▸ **TASK OBJECTIVE**: Everything from the line containing "Monaco Circuit of" down to the last line below should be set down exactly, and only that, without the pictures.

START DATASET EXCERPTS

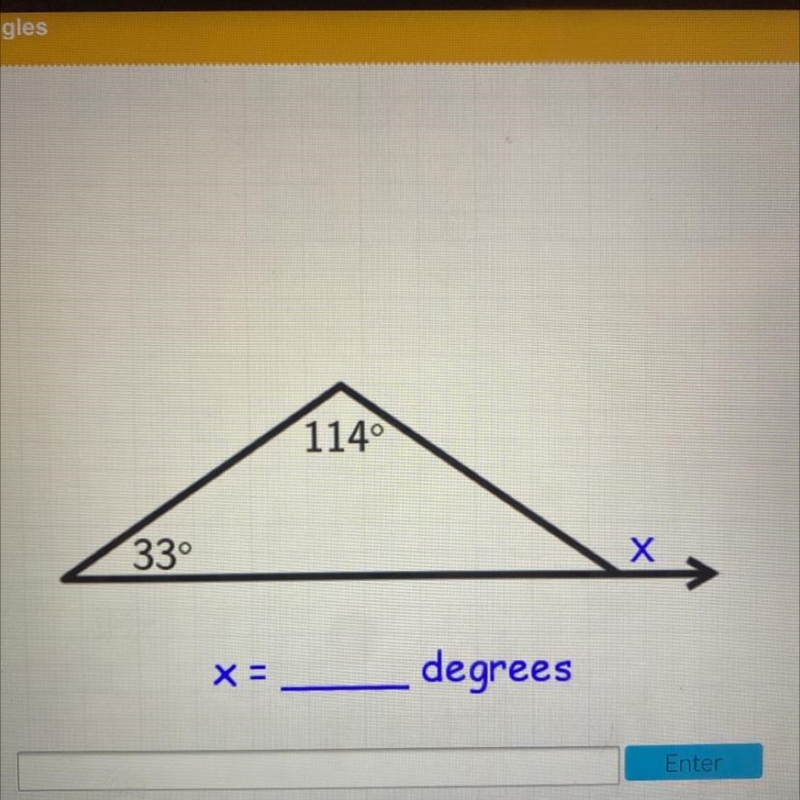 114° 33° Х X degrees-example-1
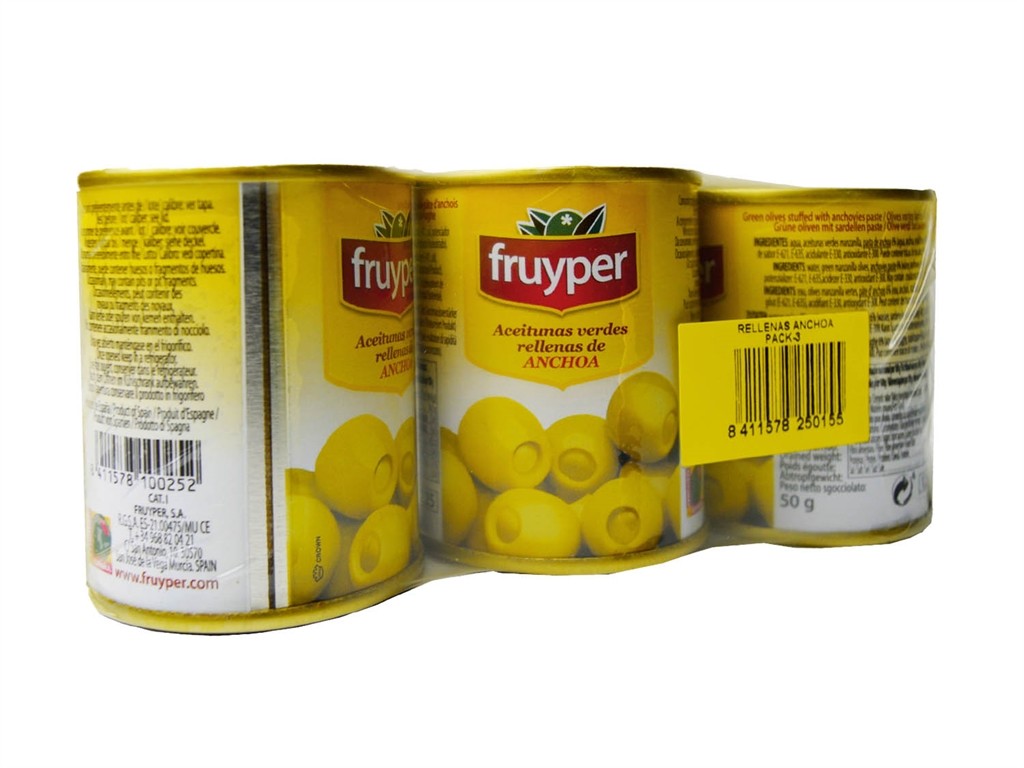 ACEITUNAS FRUYPER RELLENAS 1/8 PK-3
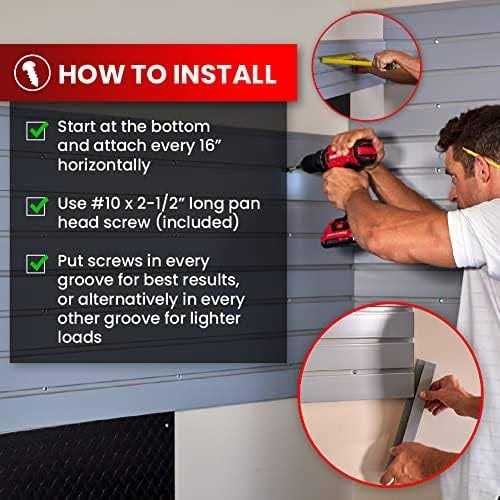 Slatwall Aluminum Inserts – 8′ – Anchor Core – Pack of 16 – H-4773 - Zenithce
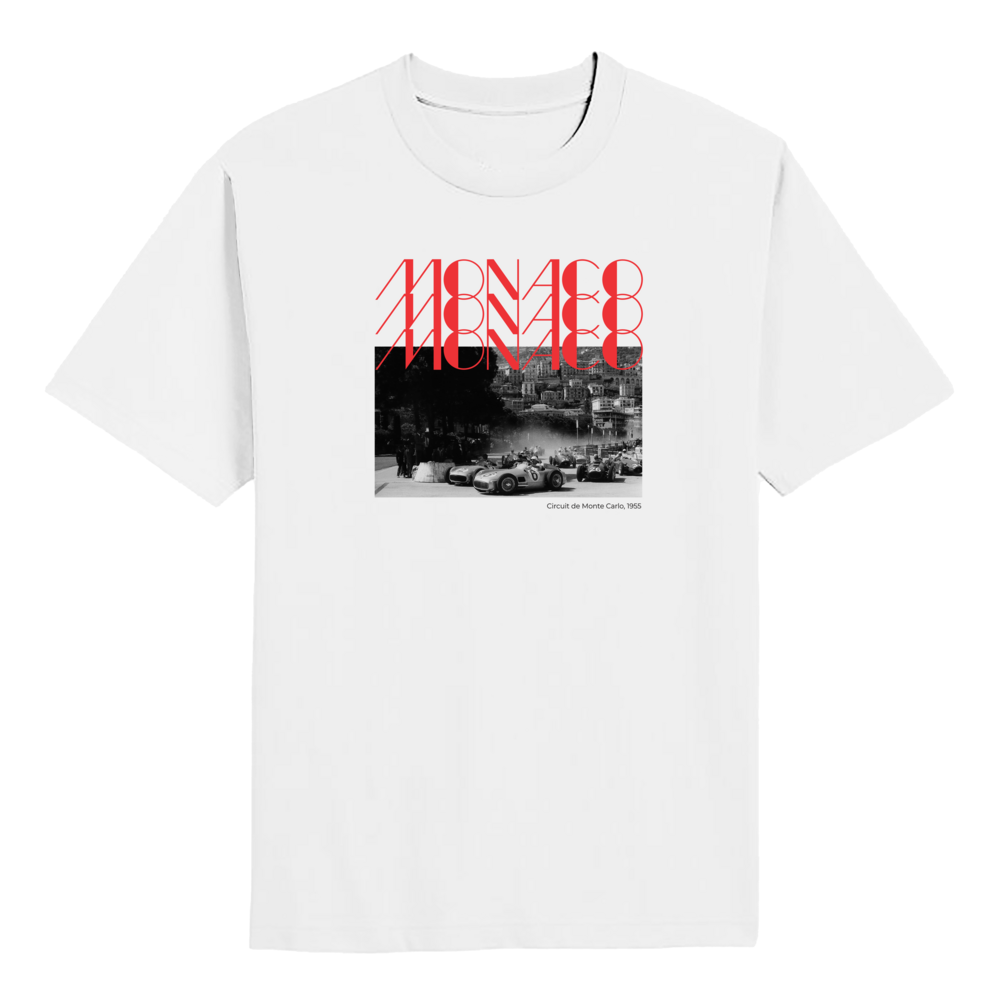 Monaco Circuit of Monte Carlo 1955 - Front Print T-shirt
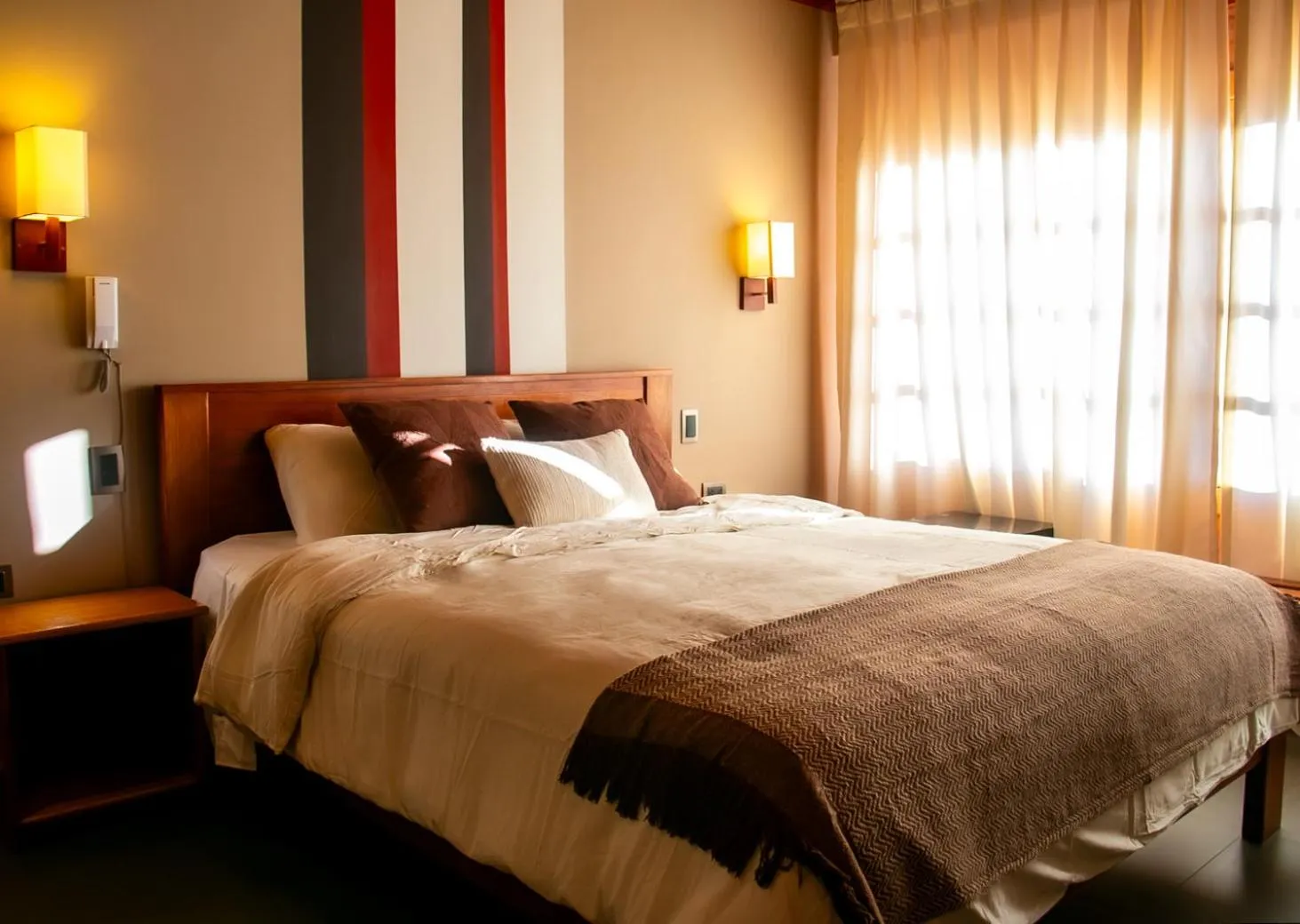 Bed in Hotel Heidinger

END DATASET EXCERPTS

▸ **WRITTEN RESPONSE**:
 Monaco Circuit of Monte Carlo 1955 - Front Print T-shirt
 Bed in Hotel Heidinger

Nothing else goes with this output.